**Work required**
Starting at the first line of the records and stopping at the line that contains "Date this stunning", transcribe every line exactly and leave out the pictures.
------ Task input
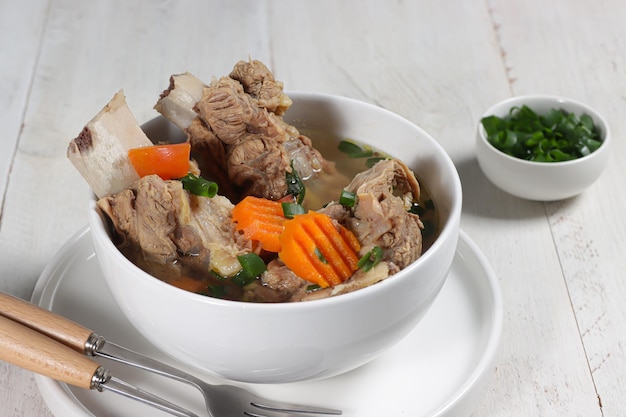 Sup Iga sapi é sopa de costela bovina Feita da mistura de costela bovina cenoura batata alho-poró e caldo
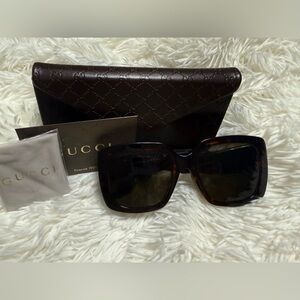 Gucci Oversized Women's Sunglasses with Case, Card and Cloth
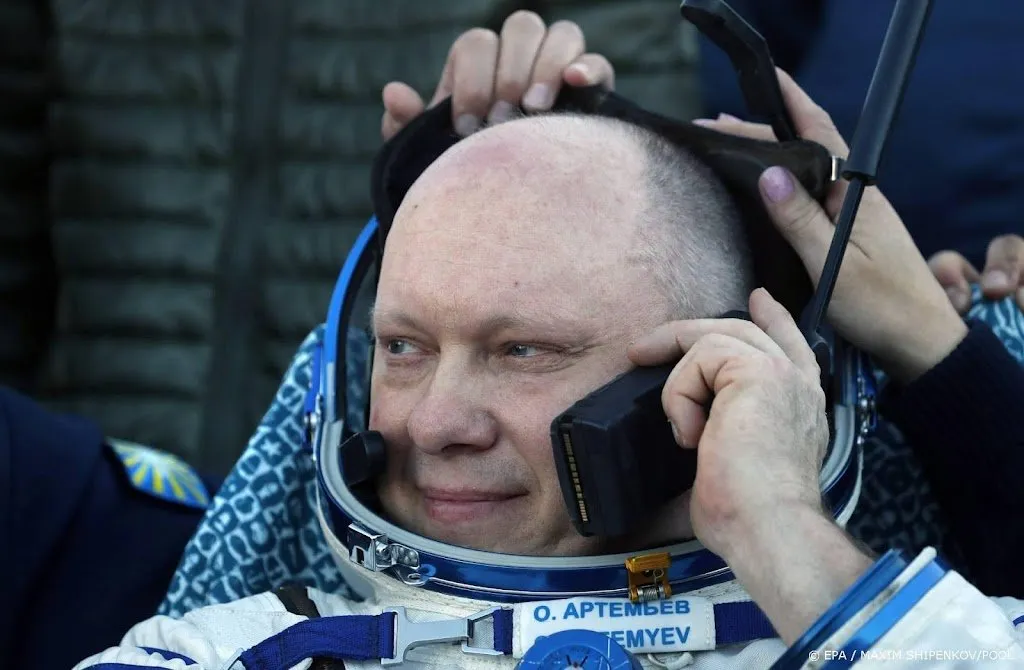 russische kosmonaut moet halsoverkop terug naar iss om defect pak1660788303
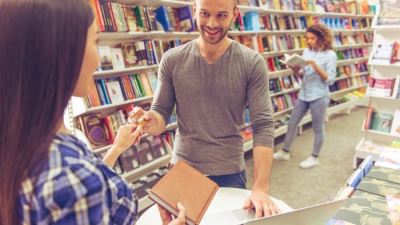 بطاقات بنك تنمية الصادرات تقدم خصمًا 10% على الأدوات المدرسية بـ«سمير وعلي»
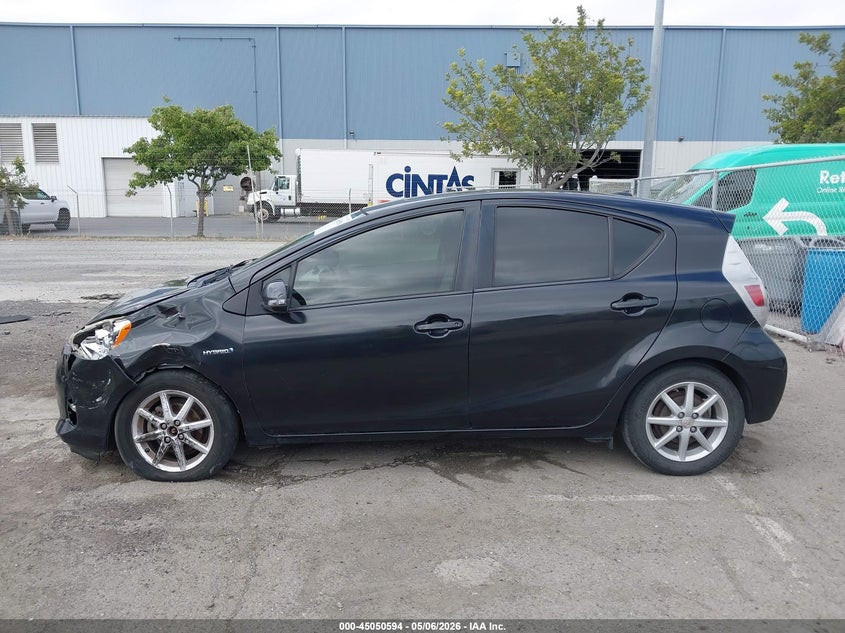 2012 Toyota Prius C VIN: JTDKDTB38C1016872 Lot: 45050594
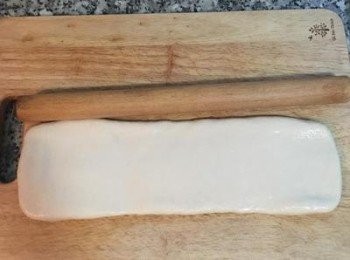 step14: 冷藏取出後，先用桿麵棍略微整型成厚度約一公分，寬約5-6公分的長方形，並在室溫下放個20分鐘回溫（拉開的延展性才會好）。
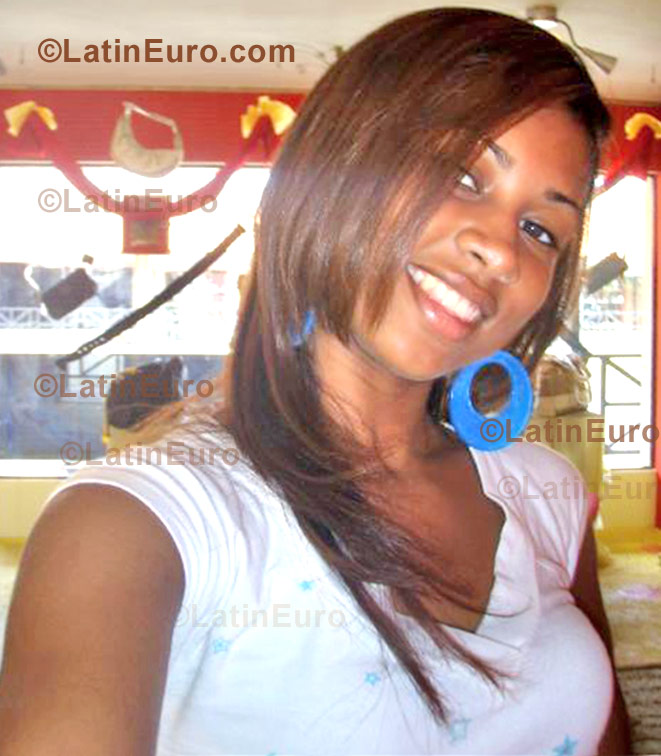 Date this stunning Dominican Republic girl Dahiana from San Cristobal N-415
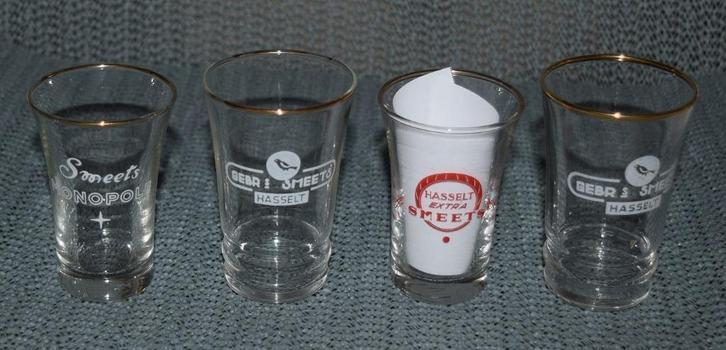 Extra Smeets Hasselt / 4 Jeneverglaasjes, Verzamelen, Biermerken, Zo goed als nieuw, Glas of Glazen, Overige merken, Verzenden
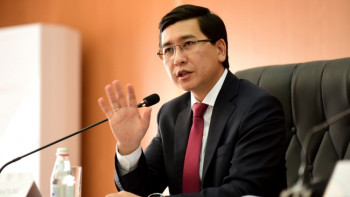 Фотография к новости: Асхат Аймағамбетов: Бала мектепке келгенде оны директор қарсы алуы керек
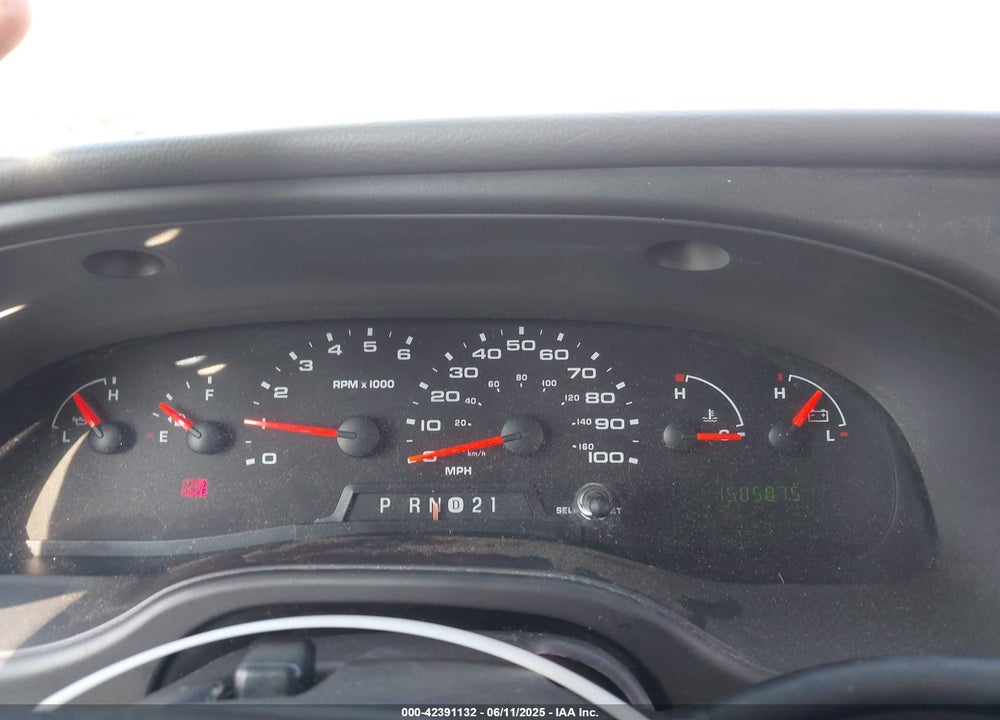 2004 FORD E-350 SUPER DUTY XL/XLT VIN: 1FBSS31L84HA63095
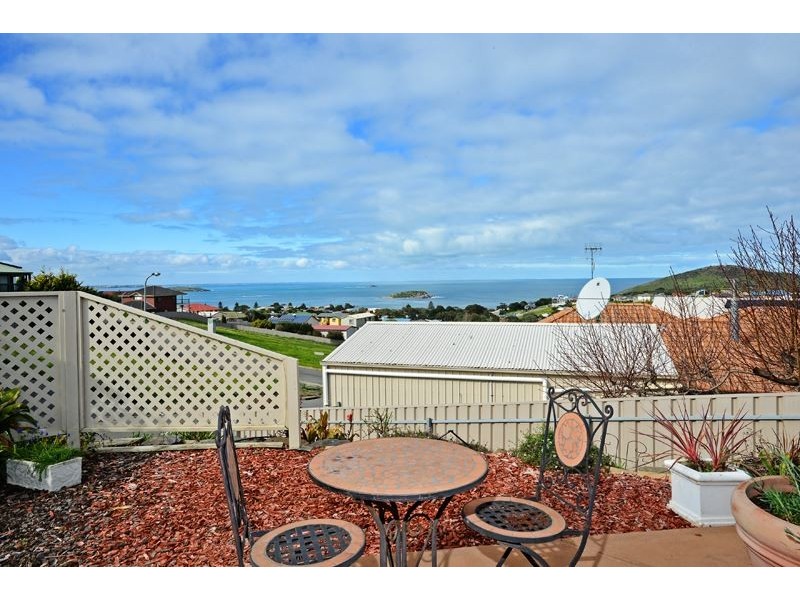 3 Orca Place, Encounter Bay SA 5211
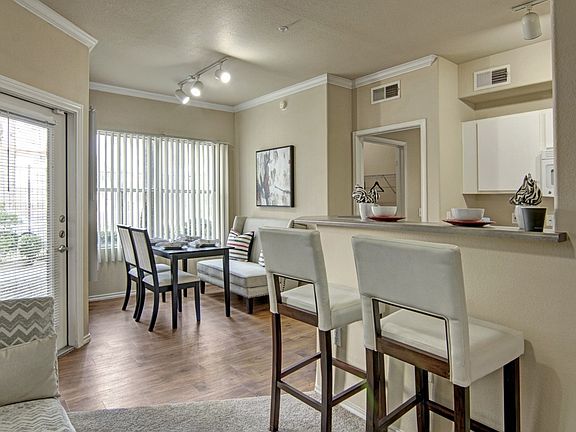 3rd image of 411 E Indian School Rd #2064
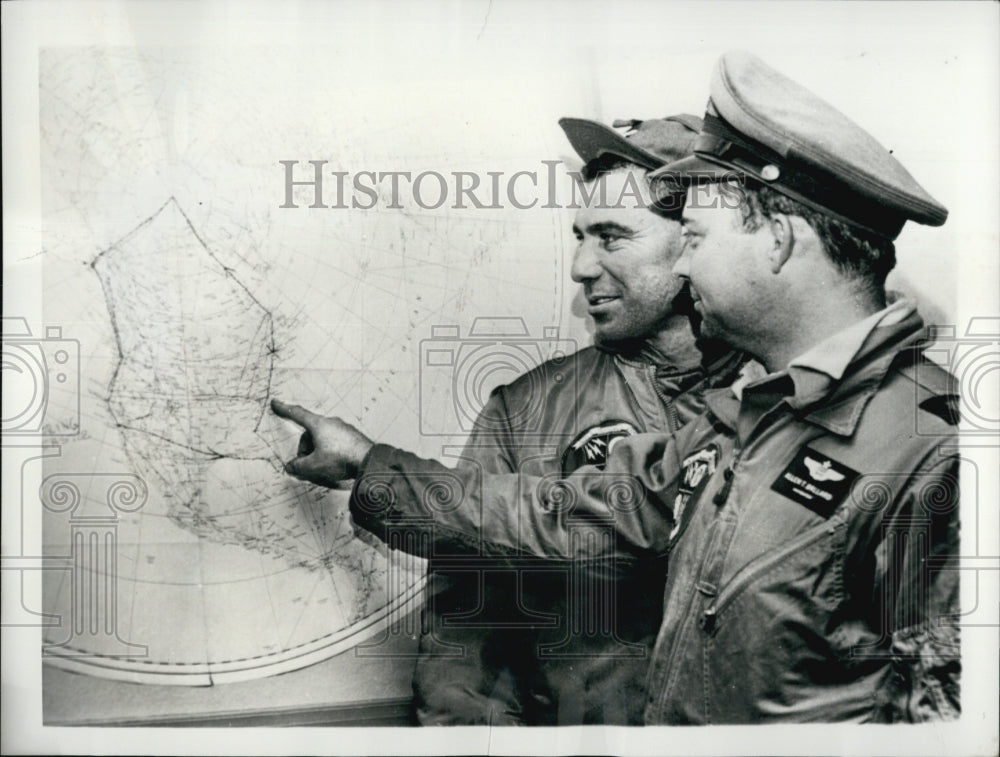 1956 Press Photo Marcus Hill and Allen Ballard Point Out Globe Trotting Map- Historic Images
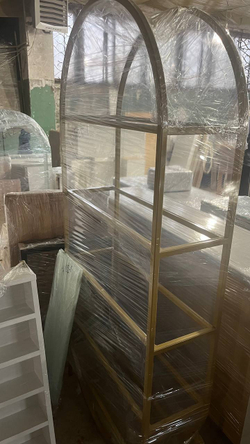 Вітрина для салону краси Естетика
------------
**Expected answer**
 Sup Iga sapi é sopa de costela bovina Feita da mistura de costela bovina cenoura batata alho-poró e caldo
 Gucci Oversized Women's Sunglasses with Case, Card and Cloth
 russische kosmonaut moet halsoverkop terug naar iss om defect pak1660788303
 بطاقات بنك تنمية الصادرات تقدم خصمًا 10% على الأدوات المدرسية بـ«سمير وعلي»
 2012 Toyota Prius C VIN: JTDKDTB38C1016872 Lot: 45050594
 step14: 冷藏取出後，先用桿麵棍略微整型成厚度約一公分，寬約5-6公分的長方形，並在室溫下放個20分鐘回溫（拉開的延展性才會好）。
 Date this stunning Dominican Republic girl Dahiana from San Cristobal N-415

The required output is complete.